• PROBLEM
Copy nothing but the lines below running from the line containing "The hard red" through the line containing "The next item", both end lines included.

• TASK INPUTS
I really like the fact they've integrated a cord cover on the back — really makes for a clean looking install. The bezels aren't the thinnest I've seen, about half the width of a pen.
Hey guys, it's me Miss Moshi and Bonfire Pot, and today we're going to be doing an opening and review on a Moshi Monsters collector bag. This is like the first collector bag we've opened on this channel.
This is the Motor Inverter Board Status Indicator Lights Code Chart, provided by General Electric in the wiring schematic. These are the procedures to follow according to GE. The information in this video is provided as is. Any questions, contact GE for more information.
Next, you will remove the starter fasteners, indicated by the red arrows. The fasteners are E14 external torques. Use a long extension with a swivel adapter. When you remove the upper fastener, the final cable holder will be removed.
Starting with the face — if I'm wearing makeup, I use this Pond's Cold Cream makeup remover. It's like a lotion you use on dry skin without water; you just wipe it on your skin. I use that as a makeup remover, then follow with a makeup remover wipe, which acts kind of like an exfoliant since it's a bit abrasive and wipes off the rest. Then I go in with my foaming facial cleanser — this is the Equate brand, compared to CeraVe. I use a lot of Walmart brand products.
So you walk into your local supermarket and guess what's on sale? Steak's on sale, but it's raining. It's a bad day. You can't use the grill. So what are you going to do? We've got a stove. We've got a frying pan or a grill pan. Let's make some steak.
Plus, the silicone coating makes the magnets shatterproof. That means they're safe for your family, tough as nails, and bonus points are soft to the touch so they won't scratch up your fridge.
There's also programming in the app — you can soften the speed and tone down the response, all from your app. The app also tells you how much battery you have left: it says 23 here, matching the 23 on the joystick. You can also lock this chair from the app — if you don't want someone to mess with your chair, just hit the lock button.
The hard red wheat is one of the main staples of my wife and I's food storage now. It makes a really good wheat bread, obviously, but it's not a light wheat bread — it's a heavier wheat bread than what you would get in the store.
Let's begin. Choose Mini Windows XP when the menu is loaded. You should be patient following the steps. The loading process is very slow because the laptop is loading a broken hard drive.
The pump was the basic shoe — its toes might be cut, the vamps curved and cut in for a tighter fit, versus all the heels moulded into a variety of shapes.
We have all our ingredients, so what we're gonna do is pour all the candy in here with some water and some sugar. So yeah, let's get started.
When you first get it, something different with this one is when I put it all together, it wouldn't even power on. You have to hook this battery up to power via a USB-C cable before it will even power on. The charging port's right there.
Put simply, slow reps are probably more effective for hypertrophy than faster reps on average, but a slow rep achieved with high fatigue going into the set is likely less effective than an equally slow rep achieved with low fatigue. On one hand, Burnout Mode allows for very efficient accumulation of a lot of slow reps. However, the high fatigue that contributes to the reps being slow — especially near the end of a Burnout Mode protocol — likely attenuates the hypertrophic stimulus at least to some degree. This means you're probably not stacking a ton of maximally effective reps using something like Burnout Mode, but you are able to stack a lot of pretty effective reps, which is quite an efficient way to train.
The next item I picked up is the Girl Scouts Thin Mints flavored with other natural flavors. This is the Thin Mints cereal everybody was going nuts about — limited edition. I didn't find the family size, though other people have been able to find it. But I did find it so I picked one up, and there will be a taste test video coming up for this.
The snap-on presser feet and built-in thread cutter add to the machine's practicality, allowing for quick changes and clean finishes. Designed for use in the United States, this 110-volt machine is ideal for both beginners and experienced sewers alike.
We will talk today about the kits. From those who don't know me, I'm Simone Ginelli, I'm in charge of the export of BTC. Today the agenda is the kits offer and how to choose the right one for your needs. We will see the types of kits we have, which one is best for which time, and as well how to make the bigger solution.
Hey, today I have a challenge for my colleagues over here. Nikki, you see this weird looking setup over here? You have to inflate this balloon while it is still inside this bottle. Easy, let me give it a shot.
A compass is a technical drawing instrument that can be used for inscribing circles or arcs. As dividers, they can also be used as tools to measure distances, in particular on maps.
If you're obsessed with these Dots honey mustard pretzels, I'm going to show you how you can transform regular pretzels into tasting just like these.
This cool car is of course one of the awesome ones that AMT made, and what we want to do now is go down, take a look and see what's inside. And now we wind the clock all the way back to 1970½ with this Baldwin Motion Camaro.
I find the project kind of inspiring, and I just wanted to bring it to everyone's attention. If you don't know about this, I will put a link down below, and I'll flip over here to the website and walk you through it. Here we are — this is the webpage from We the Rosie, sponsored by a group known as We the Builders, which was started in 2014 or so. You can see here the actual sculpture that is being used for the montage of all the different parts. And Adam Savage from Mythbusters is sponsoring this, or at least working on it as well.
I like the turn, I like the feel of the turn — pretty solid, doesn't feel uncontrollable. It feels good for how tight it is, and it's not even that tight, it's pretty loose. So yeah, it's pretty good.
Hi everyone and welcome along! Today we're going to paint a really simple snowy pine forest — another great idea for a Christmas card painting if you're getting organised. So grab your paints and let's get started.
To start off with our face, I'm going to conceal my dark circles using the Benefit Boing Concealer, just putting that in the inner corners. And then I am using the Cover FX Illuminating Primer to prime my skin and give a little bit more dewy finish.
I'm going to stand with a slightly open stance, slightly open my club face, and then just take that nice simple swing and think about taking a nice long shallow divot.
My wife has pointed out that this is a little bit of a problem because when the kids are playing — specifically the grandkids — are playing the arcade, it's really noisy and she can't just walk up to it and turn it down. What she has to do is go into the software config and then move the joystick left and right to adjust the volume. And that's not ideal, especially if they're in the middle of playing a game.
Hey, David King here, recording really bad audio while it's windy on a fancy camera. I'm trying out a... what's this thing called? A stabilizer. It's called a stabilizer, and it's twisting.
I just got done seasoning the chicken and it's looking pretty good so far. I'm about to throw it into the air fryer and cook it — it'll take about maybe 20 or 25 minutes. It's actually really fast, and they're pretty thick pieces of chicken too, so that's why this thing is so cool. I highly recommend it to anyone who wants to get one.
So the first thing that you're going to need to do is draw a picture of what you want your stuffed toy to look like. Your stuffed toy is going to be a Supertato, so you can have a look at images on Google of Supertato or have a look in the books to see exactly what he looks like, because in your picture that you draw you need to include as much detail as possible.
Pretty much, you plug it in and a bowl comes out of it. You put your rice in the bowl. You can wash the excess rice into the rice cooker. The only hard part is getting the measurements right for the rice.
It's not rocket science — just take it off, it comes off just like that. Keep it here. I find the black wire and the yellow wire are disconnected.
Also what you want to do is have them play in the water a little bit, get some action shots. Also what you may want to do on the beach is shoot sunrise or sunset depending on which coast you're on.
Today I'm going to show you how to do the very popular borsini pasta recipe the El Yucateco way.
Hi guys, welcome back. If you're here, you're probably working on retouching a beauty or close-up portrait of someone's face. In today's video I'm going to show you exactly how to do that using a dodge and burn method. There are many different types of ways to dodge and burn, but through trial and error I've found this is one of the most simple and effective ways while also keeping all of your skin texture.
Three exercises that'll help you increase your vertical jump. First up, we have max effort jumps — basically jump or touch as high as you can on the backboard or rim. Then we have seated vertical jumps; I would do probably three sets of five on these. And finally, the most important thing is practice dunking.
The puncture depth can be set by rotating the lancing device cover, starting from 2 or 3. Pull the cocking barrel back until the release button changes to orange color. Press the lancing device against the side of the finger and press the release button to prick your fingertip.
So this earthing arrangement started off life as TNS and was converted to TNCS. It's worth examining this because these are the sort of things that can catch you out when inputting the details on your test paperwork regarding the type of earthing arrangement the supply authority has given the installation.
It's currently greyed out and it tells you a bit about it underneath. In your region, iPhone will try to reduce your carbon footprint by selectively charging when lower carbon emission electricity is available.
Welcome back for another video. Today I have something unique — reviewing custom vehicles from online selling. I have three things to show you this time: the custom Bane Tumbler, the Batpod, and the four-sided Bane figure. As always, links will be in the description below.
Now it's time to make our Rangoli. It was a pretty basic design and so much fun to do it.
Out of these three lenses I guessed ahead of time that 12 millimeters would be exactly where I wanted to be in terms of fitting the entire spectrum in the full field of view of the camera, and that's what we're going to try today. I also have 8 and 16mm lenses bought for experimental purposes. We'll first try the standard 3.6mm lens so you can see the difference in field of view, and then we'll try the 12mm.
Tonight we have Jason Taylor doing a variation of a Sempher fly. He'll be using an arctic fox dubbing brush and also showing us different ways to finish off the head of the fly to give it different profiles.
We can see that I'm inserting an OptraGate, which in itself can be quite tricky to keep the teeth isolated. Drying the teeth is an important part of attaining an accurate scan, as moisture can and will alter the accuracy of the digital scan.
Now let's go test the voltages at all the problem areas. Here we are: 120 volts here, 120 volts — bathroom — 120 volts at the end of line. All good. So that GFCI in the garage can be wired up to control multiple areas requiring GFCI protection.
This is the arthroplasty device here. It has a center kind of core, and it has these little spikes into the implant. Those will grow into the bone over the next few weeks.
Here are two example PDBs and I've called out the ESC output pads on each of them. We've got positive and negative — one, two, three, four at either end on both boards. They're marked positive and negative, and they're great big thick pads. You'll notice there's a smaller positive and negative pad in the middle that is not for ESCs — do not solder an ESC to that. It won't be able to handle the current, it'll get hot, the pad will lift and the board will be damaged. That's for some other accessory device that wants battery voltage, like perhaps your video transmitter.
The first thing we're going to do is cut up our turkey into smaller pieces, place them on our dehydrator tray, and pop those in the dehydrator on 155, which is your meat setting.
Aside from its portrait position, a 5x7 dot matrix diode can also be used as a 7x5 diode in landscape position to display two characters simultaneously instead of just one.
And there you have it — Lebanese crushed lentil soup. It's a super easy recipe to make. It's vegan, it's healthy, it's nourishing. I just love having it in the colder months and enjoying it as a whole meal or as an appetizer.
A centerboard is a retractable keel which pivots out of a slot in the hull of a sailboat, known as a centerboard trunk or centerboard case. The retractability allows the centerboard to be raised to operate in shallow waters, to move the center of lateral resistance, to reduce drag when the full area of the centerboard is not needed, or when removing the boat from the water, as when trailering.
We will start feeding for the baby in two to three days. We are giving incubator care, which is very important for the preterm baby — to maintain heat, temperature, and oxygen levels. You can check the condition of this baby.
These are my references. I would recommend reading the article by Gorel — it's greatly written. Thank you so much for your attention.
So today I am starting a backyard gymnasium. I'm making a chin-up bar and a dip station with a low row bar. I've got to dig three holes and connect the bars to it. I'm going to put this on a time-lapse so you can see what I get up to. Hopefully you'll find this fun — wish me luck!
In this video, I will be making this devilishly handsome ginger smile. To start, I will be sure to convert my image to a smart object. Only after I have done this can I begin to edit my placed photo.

• WORKED SOLUTION
The hard red wheat is one of the main staples of my wife and I's food storage now. It makes a really good wheat bread, obviously, but it's not a light wheat bread — it's a heavier wheat bread than what you would get in the store.
Let's begin. Choose Mini Windows XP when the menu is loaded. You should be patient following the steps. The loading process is very slow because the laptop is loading a broken hard drive.
The pump was the basic shoe — its toes might be cut, the vamps curved and cut in for a tighter fit, versus all the heels moulded into a variety of shapes.
We have all our ingredients, so what we're gonna do is pour all the candy in here with some water and some sugar. So yeah, let's get started.
When you first get it, something different with this one is when I put it all together, it wouldn't even power on. You have to hook this battery up to power via a USB-C cable before it will even power on. The charging port's right there.
Put simply, slow reps are probably more effective for hypertrophy than faster reps on average, but a slow rep achieved with high fatigue going into the set is likely less effective than an equally slow rep achieved with low fatigue. On one hand, Burnout Mode allows for very efficient accumulation of a lot of slow reps. However, the high fatigue that contributes to the reps being slow — especially near the end of a Burnout Mode protocol — likely attenuates the hypertrophic stimulus at least to some degree. This means you're probably not stacking a ton of maximally effective reps using something like Burnout Mode, but you are able to stack a lot of pretty effective reps, which is quite an efficient way to train.
The next item I picked up is the Girl Scouts Thin Mints flavored with other natural flavors. This is the Thin Mints cereal everybody was going nuts about — limited edition. I didn't find the family size, though other people have been able to find it. But I did find it so I picked one up, and there will be a taste test video coming up for this.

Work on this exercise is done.